Is there an incident in the novel that has happened to you? If so, could you tell us please?

I lost a friend suddenly when I was much younger. It was a violent and avoidable death that robbed him of his life and for many years after, robbed his family of their will to live without him. It left those who had known him scarred by the seemingly random nature of death and the rawness of that event has never really left me. In this novel I have tried to find a voice for that deep carnal pain that is so very hard to shift completely from your soul.

You have achieved the extraordinary feat of showing “the fragility behind … bravo” of young men while also crafting a very readable story that builds to an unforgettable climax. How do you balance your deep character development and plot without sacrificing pace and reader engagement?

Thank you. I appreciate that very much. I think that as I write I am constantly asking myself – What does this add to the forward movement of the story? How does this scene, this exchange of dialogue, contribute to the reader’s involvement with the slice of this character’s life that I am trying to bring alive? Early drafts are just me seeking the story arc. It is when I start to be critical of the story as I have laid it out in those early manifestations that I delete, delete, delete….and then add back only where I feel I need to give the characters layers. If something is there simply for decoration or because “it sounds good” but adds nothing to the story, it goes. This is probably the most difficult part of the endeavour because don’t we writers love every word?

Who do you most hope reads Tribal Lores?

I wrote the novel with a broad Young Adult audience in mind, while always conscious of not trying to be a teenager. That would make me rather pretentious because I haven’t been a teenager in a long time. I would like to think that Young Adults would see something of themselves reflected back at them in the different characters that make up the novel. Interestingly though, I have had many many adults already read the novel and comment on how it reflects something of what they were back at them many years after they were young adults themselves. I think the novel crosses over because the story is universal, and the characters do not represent a rigidly set time.

What do you hope they take away from the novel?

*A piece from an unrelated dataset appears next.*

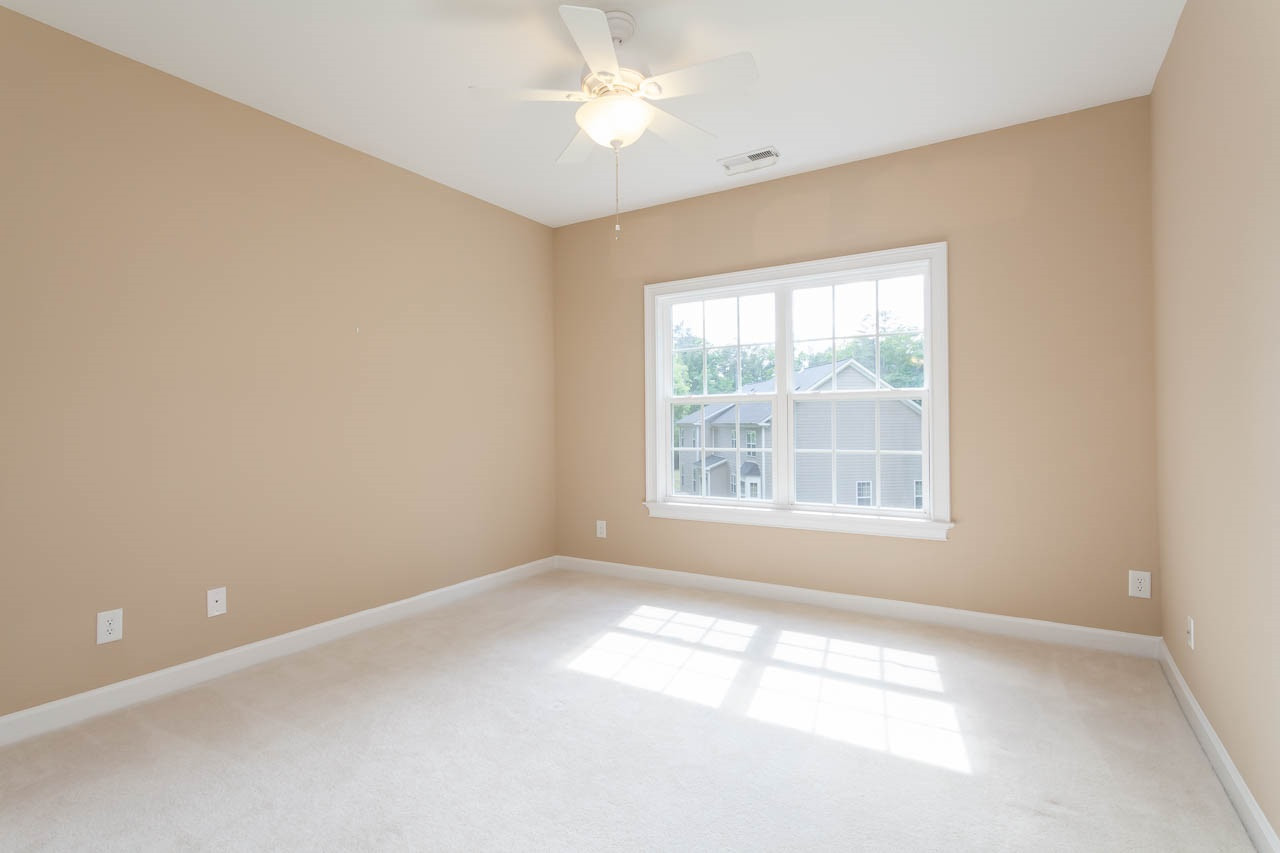 8000 Jessamine Way Raleigh, NC 27612 - Photo 21 of 25 Bedroom #3 enjoys a private bath, walk-in closest and a ceiling fan. Bedroom #3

I don’t like to tell a reader what they might, should or could take from my novels. If I’ve done my job well enough, if I’ve created characters and a story that engages enough, then each reader will take something from their reading of the book. A reader doesn’t even need to like a character, but I hope I make them care a little for each of them.

Which of your many awards has meant a great deal to you?

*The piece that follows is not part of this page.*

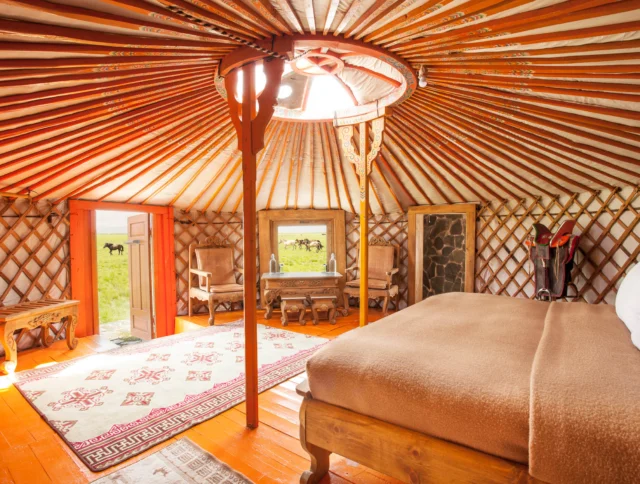 The interior of a yurt features a bed, chairs, a small table, and a rug. The wooden roof structure is visible, and the doorway opens to a grassy landscape.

Every award is special because there are many others deserving of it apart from you. I am grateful for all the awards I’ve been fortunate enough to be awarded, however one that does stand out because it comes from my parent’s native homeland, is the Globo Tricolore Literature Award from the Italian government for my body of short stories, articles and novels.

What are you writing now or next?

I am currently working on another YA manuscript but also overseeing drafts of the script treatment for the optioned film version of The Dons.

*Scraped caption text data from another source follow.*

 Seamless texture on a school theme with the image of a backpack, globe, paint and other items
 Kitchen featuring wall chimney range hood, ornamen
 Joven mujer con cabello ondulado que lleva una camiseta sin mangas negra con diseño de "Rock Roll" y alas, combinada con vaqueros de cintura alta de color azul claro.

What have you read recently that you would like to recommend?

The Weight Of Water by Sarah Crossan…a verse novel that engages from the outset with a character who draws the reader into her world and takes them on a rather intriguing journey to find the father who refuses to make contact with her or her mother.

How would you prefer your readers contact you?

Readers can make contact with me either through the publisher – who passes all correspondence on to me, through the Booked Out Speakers Agency in Melbourne, or via my website:

Thank you so much for this powerful novel, Archimede. You are a greatly respected and valued voice in our literature for young people.